2. Robust makespan formulation – Using the chosen decision rule, the authors propagate both the expected value and variance of each activity’s start time through the precedence‑lag network. They then define the robust makespan as the upper‑quantile (e.g., 95th percentile) of the project completion time distribution. By employing a closed‑form bound derived from Chebyshev or Gaussian tail approximations, the robust makespan can be evaluated efficiently without Monte‑Carlo simulation. This expression simultaneously captures resource conflicts and temporal dependencies, offering a tighter bound than naïve worst‑case or simple expected‑value approaches.

3. Robust local search algorithm – The search starts from a feasible schedule generated by a standard Serial Schedule Generation Scheme (SSGS). At each iteration, a neighborhood is explored via classic moves (swap, insertion, inversion). For each neighbor, the selected decision rule recomputes start times, and the robust makespan is evaluated. Two enhancements are incorporated:

   • Temporal‑dependency exploitation: The algorithm quantifies how much a change in one activity’s position influences the start times of downstream tasks, biasing the move selection toward those that reduce propagated uncertainty.
   • Adaptive temperature schedule: Inspired by simulated annealing, the “temperature” controlling acceptance of non‑improving moves is gradually lowered, allowing broad exploration early on and fine‑grained refinement later.

Experimental evaluation uses benchmark RCPSP/max instances from PSPLIB, augmented with synthetic duration uncertainty modeled as independent normal distributions (standard deviations ranging from 10 % to 30 % of mean durations). The RLS is compared against (i) a deterministic local search that ignores uncertainty, (ii) a scenario‑based stochastic programming approach, and (iii) the two decision‑rule variants of RLS. Results show that RLS consistently achieves lower robust makespans within the same computational budget (≈ 300 seconds). The improvement is especially pronounced for high‑uncertainty instances, where robust makespans are reduced by 10–20 % relative to deterministic baselines. The non‑linear rule yields the most conservative schedules—beneficial for high‑risk projects—while the linear rule offers faster computation and is well‑suited for online or rolling‑horizon planning.

Significance and future directions – The paper’s primary theoretical advance lies in the derivation of a closed‑form robust makespan bound that integrates both stochastic duration propagation and resource‑lag constraints. Practically, embedding this bound into a local‑search meta‑heuristic provides a scalable tool for generating schedules that remain feasible under realistic variability. The authors note that the framework is extensible: other sources of uncertainty (e.g., resource availability), multi‑objective criteria (cost, energy), and multi‑mode activity representations can be incorporated with minor modifications.

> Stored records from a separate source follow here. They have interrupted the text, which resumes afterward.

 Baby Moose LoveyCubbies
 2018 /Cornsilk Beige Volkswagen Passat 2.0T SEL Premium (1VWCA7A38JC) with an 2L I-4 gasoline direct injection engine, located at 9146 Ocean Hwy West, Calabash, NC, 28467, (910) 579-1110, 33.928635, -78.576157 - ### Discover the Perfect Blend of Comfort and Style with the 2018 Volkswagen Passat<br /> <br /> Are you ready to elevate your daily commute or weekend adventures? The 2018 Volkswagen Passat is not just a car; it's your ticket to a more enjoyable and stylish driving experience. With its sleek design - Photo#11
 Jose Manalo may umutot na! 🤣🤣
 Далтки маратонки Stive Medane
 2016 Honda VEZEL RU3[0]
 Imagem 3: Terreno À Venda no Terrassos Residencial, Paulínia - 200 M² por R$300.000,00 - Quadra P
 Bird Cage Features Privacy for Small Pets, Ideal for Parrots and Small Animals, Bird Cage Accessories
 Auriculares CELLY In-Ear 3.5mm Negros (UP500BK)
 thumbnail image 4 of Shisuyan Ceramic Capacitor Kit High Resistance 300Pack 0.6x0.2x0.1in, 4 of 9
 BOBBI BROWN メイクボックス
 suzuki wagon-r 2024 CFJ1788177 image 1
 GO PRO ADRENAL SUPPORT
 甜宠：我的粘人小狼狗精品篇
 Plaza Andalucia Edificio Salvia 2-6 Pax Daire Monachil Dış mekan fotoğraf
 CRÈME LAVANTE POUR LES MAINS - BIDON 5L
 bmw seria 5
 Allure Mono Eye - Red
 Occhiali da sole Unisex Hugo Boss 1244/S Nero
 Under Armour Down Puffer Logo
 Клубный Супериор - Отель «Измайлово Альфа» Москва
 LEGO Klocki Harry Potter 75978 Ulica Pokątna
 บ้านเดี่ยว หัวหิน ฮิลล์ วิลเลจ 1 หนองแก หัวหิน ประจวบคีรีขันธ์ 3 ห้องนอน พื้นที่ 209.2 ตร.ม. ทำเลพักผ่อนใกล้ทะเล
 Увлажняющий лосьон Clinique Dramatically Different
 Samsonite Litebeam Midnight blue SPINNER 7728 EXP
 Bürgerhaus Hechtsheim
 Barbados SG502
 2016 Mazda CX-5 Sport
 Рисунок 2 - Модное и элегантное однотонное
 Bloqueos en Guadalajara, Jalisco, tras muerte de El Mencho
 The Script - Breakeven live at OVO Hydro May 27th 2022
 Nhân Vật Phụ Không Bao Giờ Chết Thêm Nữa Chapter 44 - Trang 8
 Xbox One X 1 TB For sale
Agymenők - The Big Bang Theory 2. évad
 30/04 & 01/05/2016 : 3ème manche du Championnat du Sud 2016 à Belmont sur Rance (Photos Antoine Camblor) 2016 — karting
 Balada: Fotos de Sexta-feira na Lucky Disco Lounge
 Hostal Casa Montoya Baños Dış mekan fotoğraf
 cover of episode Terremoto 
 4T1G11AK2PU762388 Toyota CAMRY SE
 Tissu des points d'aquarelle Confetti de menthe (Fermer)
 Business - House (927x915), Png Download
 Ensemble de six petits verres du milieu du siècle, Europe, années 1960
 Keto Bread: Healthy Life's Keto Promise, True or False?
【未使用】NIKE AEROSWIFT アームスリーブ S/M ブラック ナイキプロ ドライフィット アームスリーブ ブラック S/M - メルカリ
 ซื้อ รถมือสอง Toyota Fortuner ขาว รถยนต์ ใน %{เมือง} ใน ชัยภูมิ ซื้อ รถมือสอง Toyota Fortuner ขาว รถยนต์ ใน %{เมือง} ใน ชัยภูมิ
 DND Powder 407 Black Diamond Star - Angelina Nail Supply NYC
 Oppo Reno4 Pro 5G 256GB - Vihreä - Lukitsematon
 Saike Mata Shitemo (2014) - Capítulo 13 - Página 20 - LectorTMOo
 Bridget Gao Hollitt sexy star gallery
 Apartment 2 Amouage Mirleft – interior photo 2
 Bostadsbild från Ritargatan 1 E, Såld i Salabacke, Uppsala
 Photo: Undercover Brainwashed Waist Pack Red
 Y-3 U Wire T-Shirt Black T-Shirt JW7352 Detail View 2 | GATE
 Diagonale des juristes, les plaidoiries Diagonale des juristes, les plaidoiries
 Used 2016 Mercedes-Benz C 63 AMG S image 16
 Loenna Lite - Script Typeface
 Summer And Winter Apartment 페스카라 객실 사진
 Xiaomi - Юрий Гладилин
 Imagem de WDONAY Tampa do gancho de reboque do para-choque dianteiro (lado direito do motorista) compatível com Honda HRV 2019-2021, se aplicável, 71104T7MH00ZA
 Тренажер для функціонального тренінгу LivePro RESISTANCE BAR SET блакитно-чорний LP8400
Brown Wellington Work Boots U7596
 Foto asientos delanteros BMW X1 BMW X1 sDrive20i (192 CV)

Future research may explore non‑Gaussian duration models, learning‑based decision rules (e.g., reinforcement learning), and hybridization with exact decomposition methods to further tighten the robust makespan bound.

In summary, the study delivers a novel, computationally efficient method for solving RCPSP/max problems under durational uncertainty, demonstrating that robust local search can produce execution strategies that are both high‑quality and resilient, thereby bridging a critical gap between theoretical scheduling models and the stochastic nature of real‑world project environments.